_What is required_: In the listing that follows, count every line with the word "sitting" in it and write only the total.

_Dataset records_:
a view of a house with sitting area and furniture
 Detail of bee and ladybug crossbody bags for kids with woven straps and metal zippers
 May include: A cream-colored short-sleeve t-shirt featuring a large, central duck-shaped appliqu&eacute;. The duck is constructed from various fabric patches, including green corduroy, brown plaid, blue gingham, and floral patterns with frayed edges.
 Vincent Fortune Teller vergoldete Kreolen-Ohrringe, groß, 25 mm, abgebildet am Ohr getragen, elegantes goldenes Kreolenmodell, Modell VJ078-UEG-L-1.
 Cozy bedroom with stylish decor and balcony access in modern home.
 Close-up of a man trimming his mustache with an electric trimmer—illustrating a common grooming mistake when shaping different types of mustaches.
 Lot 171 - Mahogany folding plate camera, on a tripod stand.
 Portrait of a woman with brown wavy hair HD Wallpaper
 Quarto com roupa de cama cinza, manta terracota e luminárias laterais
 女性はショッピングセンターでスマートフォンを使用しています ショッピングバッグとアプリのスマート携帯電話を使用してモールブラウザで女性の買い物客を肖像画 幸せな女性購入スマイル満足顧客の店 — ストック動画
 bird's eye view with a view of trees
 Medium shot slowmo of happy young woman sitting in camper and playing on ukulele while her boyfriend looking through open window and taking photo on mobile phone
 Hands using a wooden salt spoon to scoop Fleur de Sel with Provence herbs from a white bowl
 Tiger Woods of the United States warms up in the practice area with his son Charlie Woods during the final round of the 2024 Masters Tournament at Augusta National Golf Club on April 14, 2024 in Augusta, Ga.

_Answer section_: 2